"Student Teachers: Support the Fight Against Racism" UC Berkeley Student Activist Broadside Advocating for Anti-Racist Education and an "Autonomous Third World College", 1969
Broadside
[Student Activism][Anti-Racism] UC Berkeley student organizing broadside advocating for Third World Studies and against racist education policy. "Third World students" voice a demand for “an autonomous Third World college,” and the rejection of a Black Studies department “under the control of the administration.” The broadside ties those demands to the School of Education and the political responsibilities of future teachers, naming “the suppression of Eldridge Cleaver” as an example of how the university functioned within “the perpetuation of racist exploitation.” Its argument is built section by section through “What Is Racism,” “Education and Racism,” “The University and Racism,” “Third World Fight Against Racism,” “Student Teachers,” and “The Education Caucus,” moving from campus labor and admissions policy to housing, wage inequality, Vietnam era military service, and public school teaching.Student Teachers: Support the Fight Against Racism. Education Caucus. Berkeley, circa 1969. Mimeographed leaflet, 2 pages on one sheet, printed recto and verso, 8.5 x 14 inches. The text opens by stating that “for nine months, Third World students on the Berkeley campus have been negotiating with the administration,” then argues that administrative concessions left control of curriculum and hiring in university hands. Subsequent sections sharpen that claim through specific figures and institutions, asserting that Black people make “on the average $2,500 less a year than do white workers,” that “44% of black people live” in inadequate housing, and that “over 70% of the combat deaths of California in Vietnam are chicano and black.” The School of Education material is especially pointed, arguing that future teachers receive “no courses dealing with the basis of racism or with ways of realistically combatting racism in the public schools,” and calling on student teachers to “boycott all classes on campus” and join picketing “at the Sather Gate picket line from 11:00-2:00 every day.” The leaflet closes with meeting information for the Education Caucus and three telephone numbers for organizing support.
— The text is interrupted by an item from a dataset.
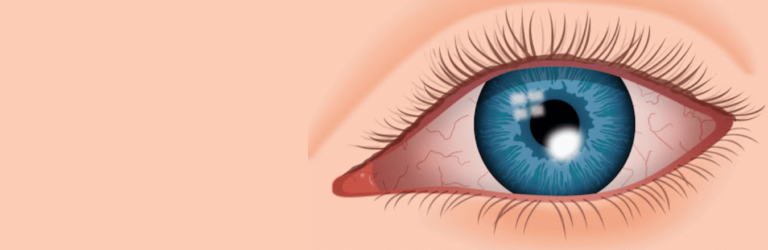 Retinitis Pigmentosa Cure in Ayurveda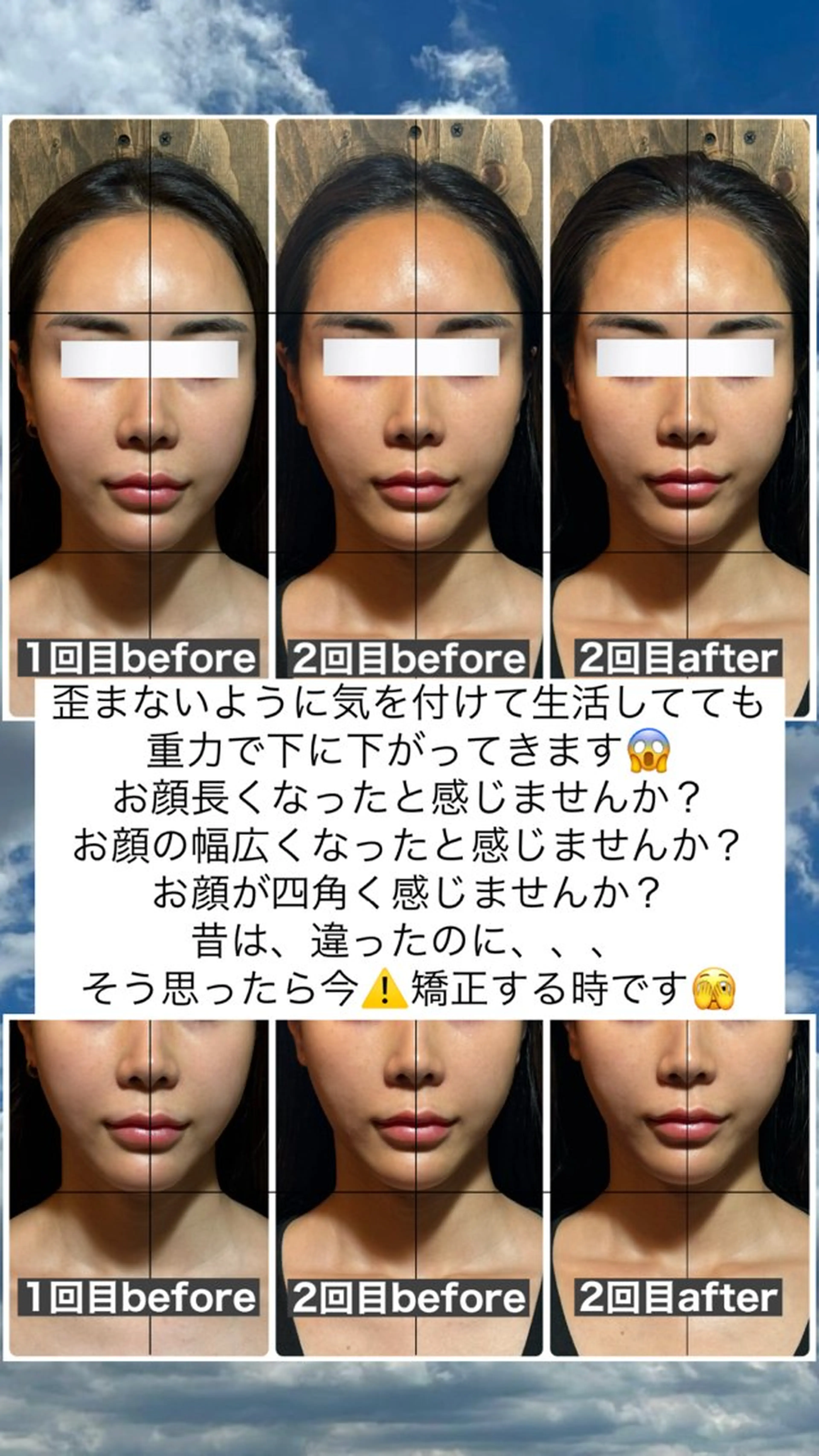 エステ リラク 💎後悔させない小顔 矯正💎イトヤマ🌱のエステ・リラクイメージ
The piece belongs to the Berkeley strike wave that produced the most consequential campus battle over Third World Studies and Ethnic Studies in the United States. By directing an appeal to student teachers, invoking New York teachers’ strikes, and proposing “a 199 course next quarter” and ultimately “a permanent course on racism and teaching Third World students,” it documents a concrete goal of anti-racist student protest to improve the training and awareness of educators in racial inequality. Light toning and a few light ink marks; clean and sound overall; overall very good condition. A Berkeley student broadside linking the Third World Liberation Front strike to teacher training, curriculum, and the formation of anti-racist educational practice.